Electric vehicle charging points for all new homes.


Next year, a new law will mean all new buildings in England must install an electric vehicle charging point.


Prime Minister Boris Johnson will announce the move at the CBI annual conference, and the law will result in up to 145,000 new charging points installed each year.


In addition to new houses, all new-build supermarkets and offices will be required to install charging points and any building undergoing significant renovations.


The new law coincides with a widespread shift to electric vehicles, with the sale of new petrol and diesel cars banned from 2030.


Speaking at the Confederation of British Industry conference, the Prime Minister will say:


“This is a pivotal moment - we cannot go on as we are.


“We have to adapt our economy to the green industrial revolution.”


However, responding to the announcement, Labour says the law will not address the geographical divide in the availability of charging points. saying:


“London and the South East have more public car charging points than the rest of England and Wales combined.

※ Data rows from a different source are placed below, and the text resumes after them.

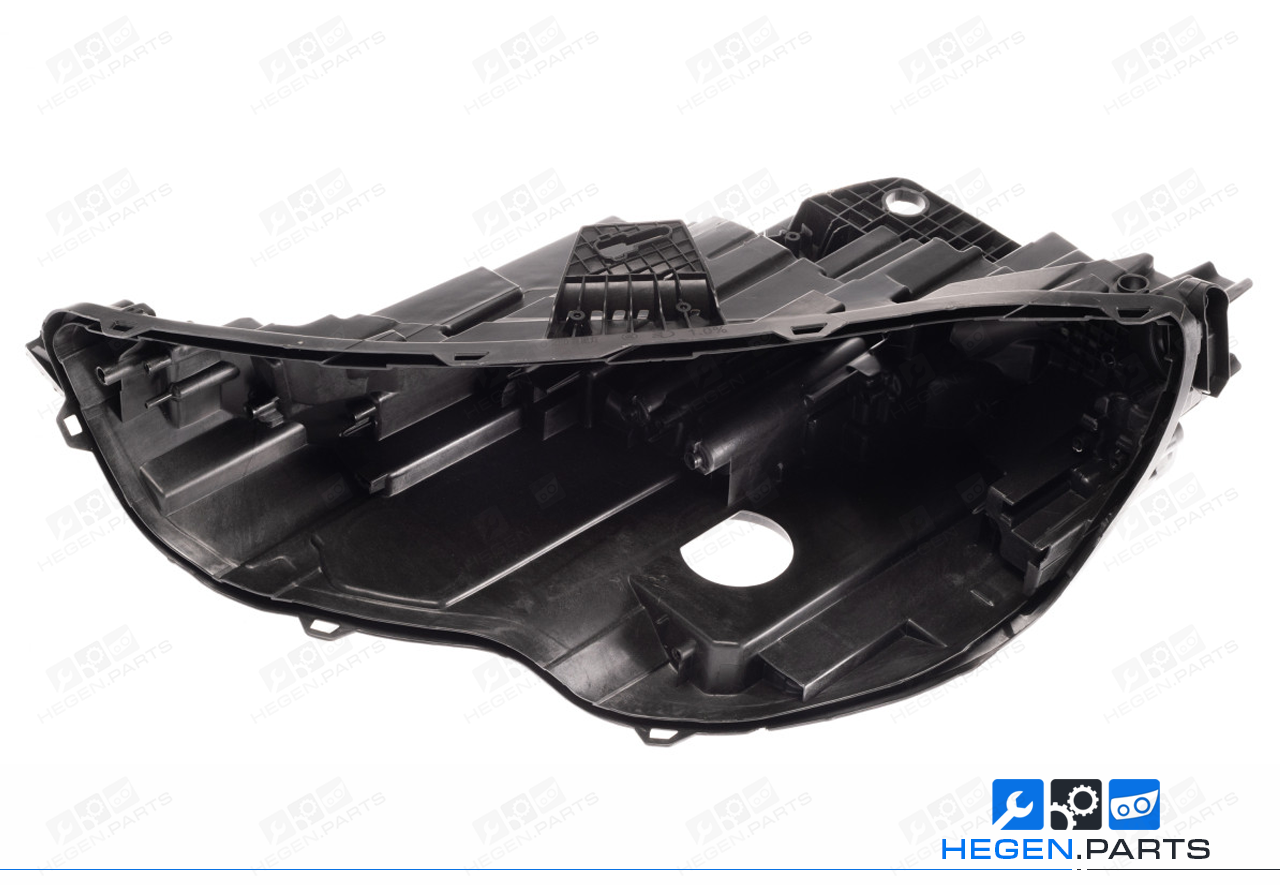 Ляв корпус за фар на AUDI A3 8Y 20-24 FULL LED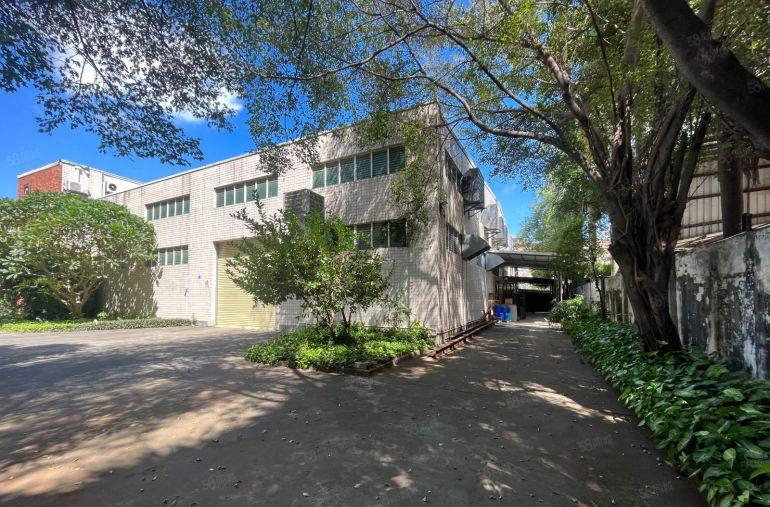 寮步镇独院厂房出租花园式单一层独院，空地超大水电齐全交通便利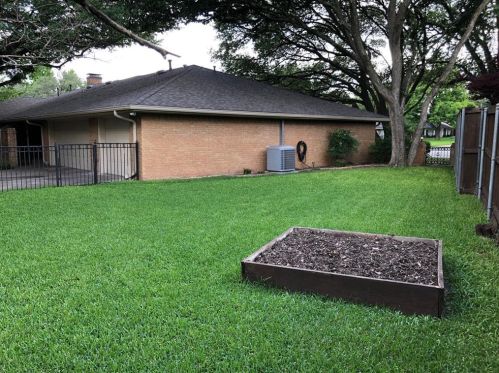 4409 Echo Glen Dr, Dallas TX  75244-7424 exterior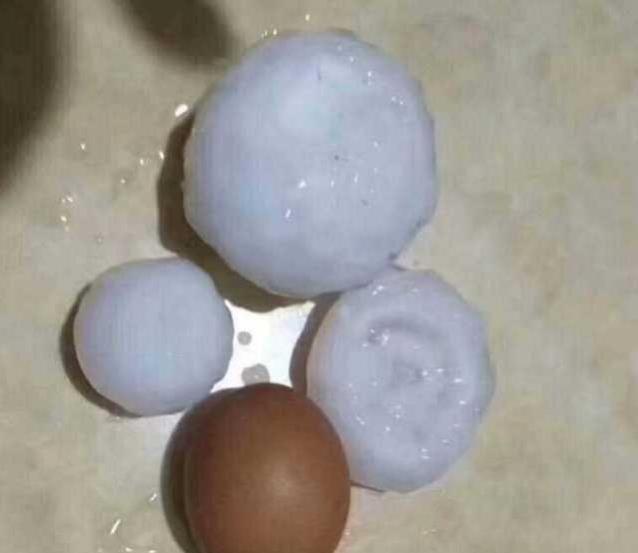 日系车真不安全吗德系美系谁更抗造看冰雹后被砸的车就明白了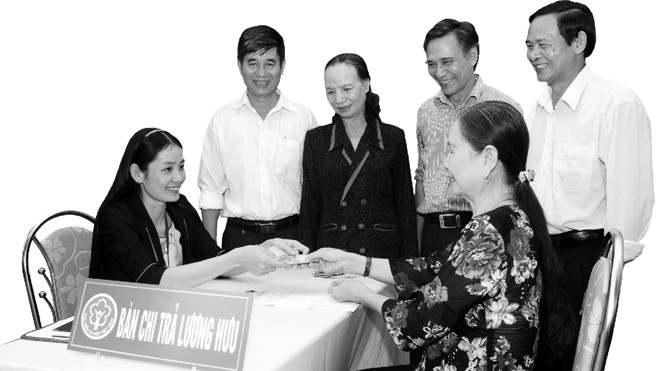 Việc đề xuất tăng tuổi nghỉ hưu là nhằm bảo đảm an toàn cho Quỹ Hưu trí (trong ảnh: người dân nhận lương hưu)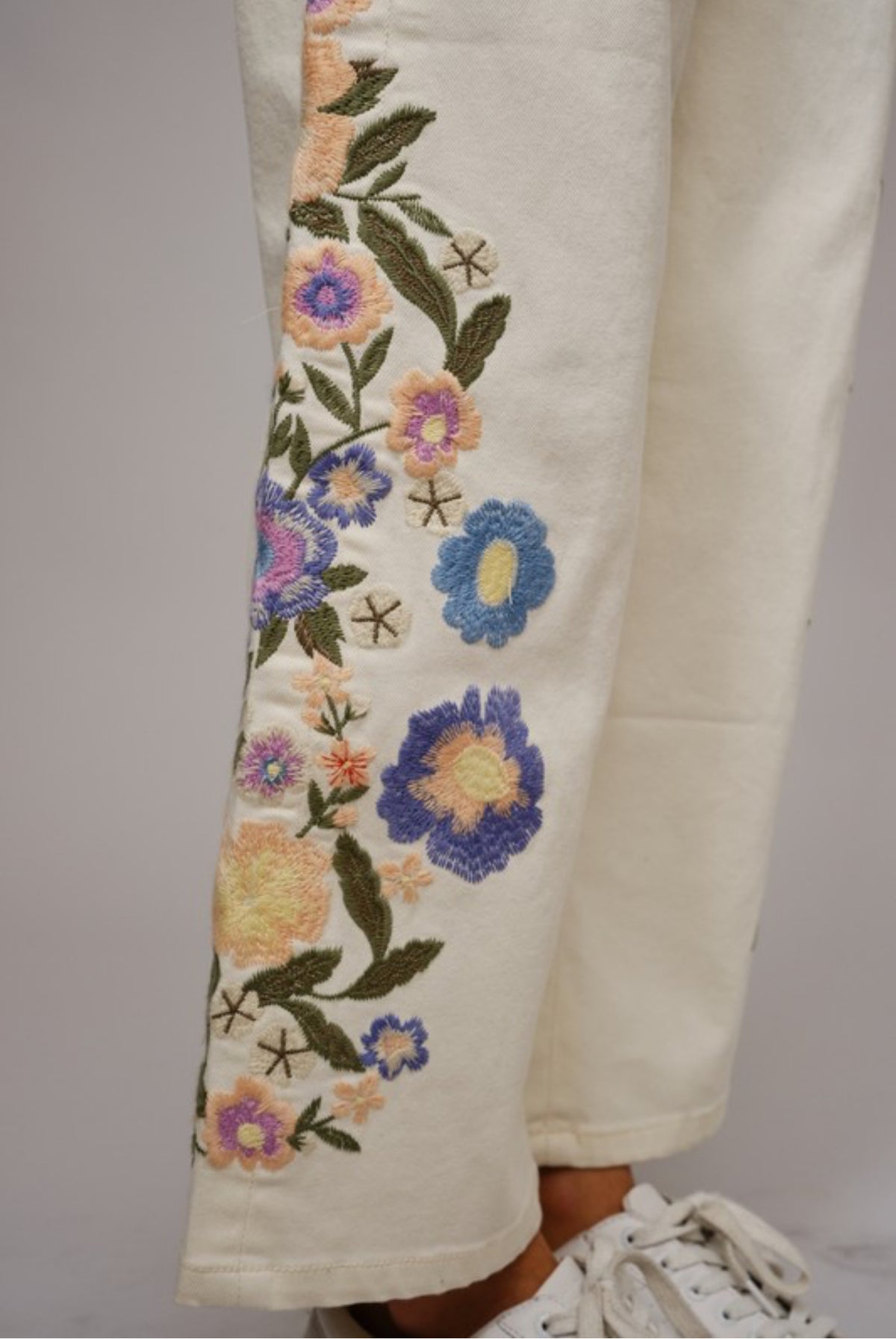 embroidered flower pants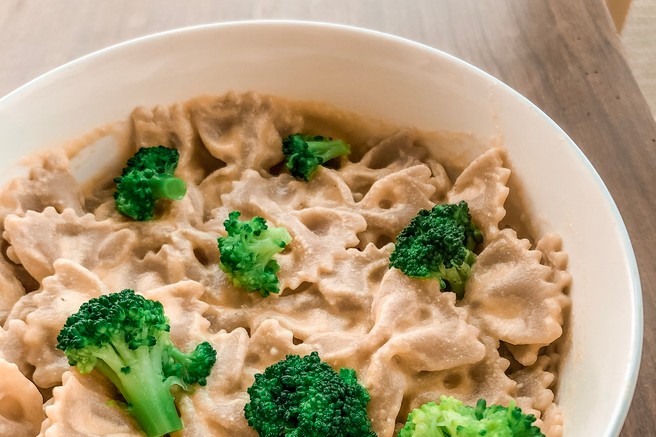 RECEPT: Veganski makaroni in sir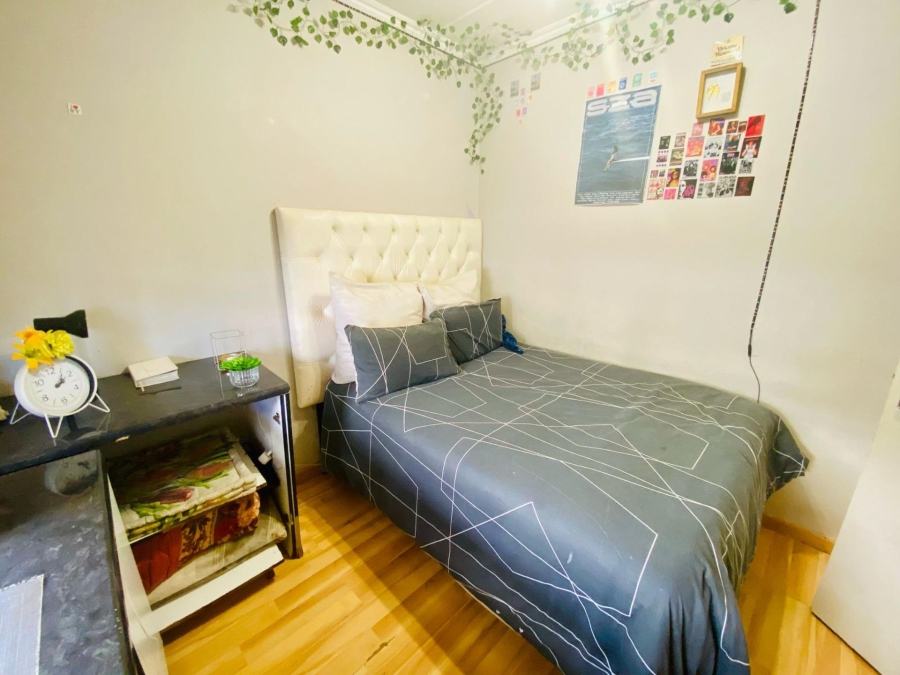 2 Bedroom Property for Sale in Sunninghill Gauteng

Yet there is nothing here to help address this.


“Nor is there help so lower and middle income families can afford electric vehicles or the investment required to build the gigafactories we need.”


According to the government, the new laws will make it as easy to charge an electric vehicle as it is to refuel a petrol or diesel car today.


Along with the requirement to install new chargers, the law will also introduce “simpler ways to pay” using contactless payments at all new fast and rapid charge points.


As things stand, the UK has around 25,000 charging points, but a forecast from the Competition and Markets Authority found that the country could need 250,000 points by 2030.


Switching to electric vehicles forms part of the UK strategy to achieve climate change targets. Internal combustion engines in cars and taxis currently account for 16% of UK emissions.


Several car manufacturers have already announced their intention to go all-electric from 2025, including Jaguar and Volvo. Ford has committed to making all of its vehicles sold across Europe electric by 2030.


Around 1 in 10 cars sold in 2020 were electric in the UK, up from 1 in 40 only two years earlier.


Welcoming the announcement by the Prime Minister on investment to the electric vehicle charging network, Edmund King, AA president, said:


“With the 2030 ban on the sale of new petrol and diesel cars getting ever closer, it is essential that we gear up now to ensure that we future-proof our homes and buildings for the EV revolution.


“The majority of EV drivers in the future will do most of their charging at home, so it is essential that new homes are equipped to help this transition. For those without off-street parking, it is also crucial that we see more charging posts on-street, and in offices and supermarkets.


“It will also be helpful to ensure all fast and rapid chargers provide contactless payments so that EV drivers in the future won’t help a phone full of apps and a wallet or purse full of cards just to get a charge.


“The prospects for the EV revolution are looking good with better and more affordable cars coming to the market with increased range and a more reliable charging infrastructure being developed. All this should help bring power to electric drivers.”